(Source material)

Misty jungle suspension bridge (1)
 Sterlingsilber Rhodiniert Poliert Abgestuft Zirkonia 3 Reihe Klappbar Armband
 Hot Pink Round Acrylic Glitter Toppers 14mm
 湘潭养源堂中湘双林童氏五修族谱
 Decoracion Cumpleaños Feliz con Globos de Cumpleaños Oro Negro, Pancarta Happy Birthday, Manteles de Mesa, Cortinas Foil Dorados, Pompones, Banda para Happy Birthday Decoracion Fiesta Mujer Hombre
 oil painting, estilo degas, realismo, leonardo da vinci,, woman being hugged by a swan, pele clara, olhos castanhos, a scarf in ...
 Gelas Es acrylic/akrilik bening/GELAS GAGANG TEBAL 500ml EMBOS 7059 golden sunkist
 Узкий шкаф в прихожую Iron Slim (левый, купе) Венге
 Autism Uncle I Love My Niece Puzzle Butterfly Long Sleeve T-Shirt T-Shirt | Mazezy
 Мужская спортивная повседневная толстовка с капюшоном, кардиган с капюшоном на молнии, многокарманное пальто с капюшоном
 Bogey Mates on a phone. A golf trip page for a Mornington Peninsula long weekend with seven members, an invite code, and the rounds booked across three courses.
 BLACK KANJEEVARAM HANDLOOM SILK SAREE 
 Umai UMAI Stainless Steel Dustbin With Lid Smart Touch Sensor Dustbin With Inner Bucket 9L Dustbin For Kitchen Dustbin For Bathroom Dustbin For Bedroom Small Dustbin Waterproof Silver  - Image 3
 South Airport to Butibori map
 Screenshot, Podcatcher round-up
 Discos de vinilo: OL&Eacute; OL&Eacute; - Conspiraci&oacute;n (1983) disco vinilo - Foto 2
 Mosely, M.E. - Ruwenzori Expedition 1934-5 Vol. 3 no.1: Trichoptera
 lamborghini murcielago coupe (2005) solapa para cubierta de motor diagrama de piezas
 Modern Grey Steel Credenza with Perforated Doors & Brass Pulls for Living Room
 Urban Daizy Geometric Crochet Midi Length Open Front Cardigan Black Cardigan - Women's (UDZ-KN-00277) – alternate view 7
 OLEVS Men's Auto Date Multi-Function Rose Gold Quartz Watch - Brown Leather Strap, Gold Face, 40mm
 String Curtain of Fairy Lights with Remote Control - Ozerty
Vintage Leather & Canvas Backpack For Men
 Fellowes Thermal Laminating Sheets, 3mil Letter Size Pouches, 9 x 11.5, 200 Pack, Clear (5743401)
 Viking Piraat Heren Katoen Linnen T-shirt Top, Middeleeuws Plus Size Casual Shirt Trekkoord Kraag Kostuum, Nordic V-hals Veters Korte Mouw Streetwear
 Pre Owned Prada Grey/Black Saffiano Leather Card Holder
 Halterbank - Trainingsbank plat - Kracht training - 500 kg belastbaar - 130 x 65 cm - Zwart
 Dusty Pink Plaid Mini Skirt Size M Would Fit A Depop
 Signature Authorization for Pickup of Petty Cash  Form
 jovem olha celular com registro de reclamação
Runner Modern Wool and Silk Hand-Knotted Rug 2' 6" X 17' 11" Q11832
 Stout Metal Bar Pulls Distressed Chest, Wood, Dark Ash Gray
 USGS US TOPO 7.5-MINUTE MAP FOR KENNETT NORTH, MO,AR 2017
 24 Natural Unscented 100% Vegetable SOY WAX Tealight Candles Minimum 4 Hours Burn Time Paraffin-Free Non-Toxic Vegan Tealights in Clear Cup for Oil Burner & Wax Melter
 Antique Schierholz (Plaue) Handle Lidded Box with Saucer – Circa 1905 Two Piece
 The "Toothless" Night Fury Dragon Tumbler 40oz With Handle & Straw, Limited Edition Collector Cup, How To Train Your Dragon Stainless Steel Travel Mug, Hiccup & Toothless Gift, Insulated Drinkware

(End Source material)

(What is expected): Copy down the complete data exactly as supplied.

(Exercise output):
Misty jungle suspension bridge (1)
 Sterlingsilber Rhodiniert Poliert Abgestuft Zirkonia 3 Reihe Klappbar Armband
 Hot Pink Round Acrylic Glitter Toppers 14mm
 湘潭养源堂中湘双林童氏五修族谱
 Decoracion Cumpleaños Feliz con Globos de Cumpleaños Oro Negro, Pancarta Happy Birthday, Manteles de Mesa, Cortinas Foil Dorados, Pompones, Banda para Happy Birthday Decoracion Fiesta Mujer Hombre
 oil painting, estilo degas, realismo, leonardo da vinci,, woman being hugged by a swan, pele clara, olhos castanhos, a scarf in ...
 Gelas Es acrylic/akrilik bening/GELAS GAGANG TEBAL 500ml EMBOS 7059 golden sunkist
 Узкий шкаф в прихожую Iron Slim (левый, купе) Венге
 Autism Uncle I Love My Niece Puzzle Butterfly Long Sleeve T-Shirt T-Shirt | Mazezy
 Мужская спортивная повседневная толстовка с капюшоном, кардиган с капюшоном на молнии, многокарманное пальто с капюшоном
 Bogey Mates on a phone. A golf trip page for a Mornington Peninsula long weekend with seven members, an invite code, and the rounds booked across three courses.
 BLACK KANJEEVARAM HANDLOOM SILK SAREE 
 Umai UMAI Stainless Steel Dustbin With Lid Smart Touch Sensor Dustbin With Inner Bucket 9L Dustbin For Kitchen Dustbin For Bathroom Dustbin For Bedroom Small Dustbin Waterproof Silver  - Image 3
 South Airport to Butibori map
 Screenshot, Podcatcher round-up
 Discos de vinilo: OL&Eacute; OL&Eacute; - Conspiraci&oacute;n (1983) disco vinilo - Foto 2
 Mosely, M.E. - Ruwenzori Expedition 1934-5 Vol. 3 no.1: Trichoptera
 lamborghini murcielago coupe (2005) solapa para cubierta de motor diagrama de piezas
 Modern Grey Steel Credenza with Perforated Doors & Brass Pulls for Living Room
 Urban Daizy Geometric Crochet Midi Length Open Front Cardigan Black Cardigan - Women's (UDZ-KN-00277) – alternate view 7
 OLEVS Men's Auto Date Multi-Function Rose Gold Quartz Watch - Brown Leather Strap, Gold Face, 40mm
 String Curtain of Fairy Lights with Remote Control - Ozerty
Vintage Leather & Canvas Backpack For Men
 Fellowes Thermal Laminating Sheets, 3mil Letter Size Pouches, 9 x 11.5, 200 Pack, Clear (5743401)
 Viking Piraat Heren Katoen Linnen T-shirt Top, Middeleeuws Plus Size Casual Shirt Trekkoord Kraag Kostuum, Nordic V-hals Veters Korte Mouw Streetwear
 Pre Owned Prada Grey/Black Saffiano Leather Card Holder
 Halterbank - Trainingsbank plat - Kracht training - 500 kg belastbaar - 130 x 65 cm - Zwart
 Dusty Pink Plaid Mini Skirt Size M Would Fit A Depop
 Signature Authorization for Pickup of Petty Cash  Form
 jovem olha celular com registro de reclamação
Runner Modern Wool and Silk Hand-Knotted Rug 2' 6" X 17' 11" Q11832
 Stout Metal Bar Pulls Distressed Chest, Wood, Dark Ash Gray
 USGS US TOPO 7.5-MINUTE MAP FOR KENNETT NORTH, MO,AR 2017
 24 Natural Unscented 100% Vegetable SOY WAX Tealight Candles Minimum 4 Hours Burn Time Paraffin-Free Non-Toxic Vegan Tealights in Clear Cup for Oil Burner & Wax Melter
 Antique Schierholz (Plaue) Handle Lidded Box with Saucer – Circa 1905 Two Piece
 The "Toothless" Night Fury Dragon Tumbler 40oz With Handle & Straw, Limited Edition Collector Cup, How To Train Your Dragon Stainless Steel Travel Mug, Hiccup & Toothless Gift, Insulated Drinkware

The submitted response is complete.